W roku gospodarczym 2022/23 podaż rzepaku produkowanego w UE pozostanie ograniczona. Wspólnota będzie uzależniona od importu dużych ilości rzepaku w celu zaspokojenia popytu.

 

Rzepak UE zawsze w cenie

 

Popyt na rzepak w UE popyt przewyższa od lat jego podaż. To wzmaga import – głównie z Ukrainy, Kanady i Australii. Główną siłą napędową unijnego rynku rzepaku pozostaje popyt na śrutę rzepakową i olej rzepakowy, czyli produkty otrzymywane w wyniku tłoczenia.

 

Olej rzepakowy jest wykorzystywany głównie przez przemysł biopaliwowy – na biodiesel. W porównaniu z biodieslem, żywność i inne przemysłowe zastosowania oleju rzepakowego zwykle w mniejszym stopniu wpływają na popyt.

 

Unia Europejska jest wiodącym producentem i eksporterem mięsa i produktów mleczarskich, a w sektorze hodowlanym wykorzystuje śrutę rzepakową jako składnik pasz. Na rynku unijnym śruta rzepakowa konkuruje w proporcjach paszowych z soją i śrutą sojową ze Stanów Zjednoczonych i innych dostawców, a także z krajową śrutą słonecznikową i ziarnami.

 

W produkcji bydła mlecznego śruta rzepakowa stała się głównym źródłem białka, natomiast w produkcji mięsa i drobiu może ona tylko do pewnego stopnia zastąpić śrutę sojową.

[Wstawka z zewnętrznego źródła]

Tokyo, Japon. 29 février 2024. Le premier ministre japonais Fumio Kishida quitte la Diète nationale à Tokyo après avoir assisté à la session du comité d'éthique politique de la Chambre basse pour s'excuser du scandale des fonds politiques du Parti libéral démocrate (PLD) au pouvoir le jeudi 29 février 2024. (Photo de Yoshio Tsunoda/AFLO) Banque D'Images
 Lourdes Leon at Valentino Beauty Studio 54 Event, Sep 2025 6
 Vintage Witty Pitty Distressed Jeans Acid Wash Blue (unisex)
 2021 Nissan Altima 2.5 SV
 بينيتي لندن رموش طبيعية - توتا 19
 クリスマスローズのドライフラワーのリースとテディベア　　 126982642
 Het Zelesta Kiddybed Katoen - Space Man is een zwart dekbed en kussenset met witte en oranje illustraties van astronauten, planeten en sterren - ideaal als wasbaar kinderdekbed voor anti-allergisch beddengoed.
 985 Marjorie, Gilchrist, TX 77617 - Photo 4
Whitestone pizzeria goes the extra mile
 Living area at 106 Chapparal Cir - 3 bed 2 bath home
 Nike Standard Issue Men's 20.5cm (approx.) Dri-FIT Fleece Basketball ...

Ze względu na wysoką zawartość białka, śruta sojowa pozostaje najlepszym wyborem w mieszankach paszowych dla drobiu i wieprzowiny.

 

Rzepak na świecie w 2022

 

Perspektywy dla światowej produkcji rzepaku w sezonie 2022/23 zapowiadają się dobre. Kanada uporała się z zasiewami rzepaku długotrwałej suszy, a Australia zwiększa areał zasiewów.

 

Kanadyjski i australijski rzepak może w pewnym stopniu zastąpić surowiec z Ukrainy. Jednak na początku sezonu 2022/23 sytuacja na rynku będzie bardzo napięta.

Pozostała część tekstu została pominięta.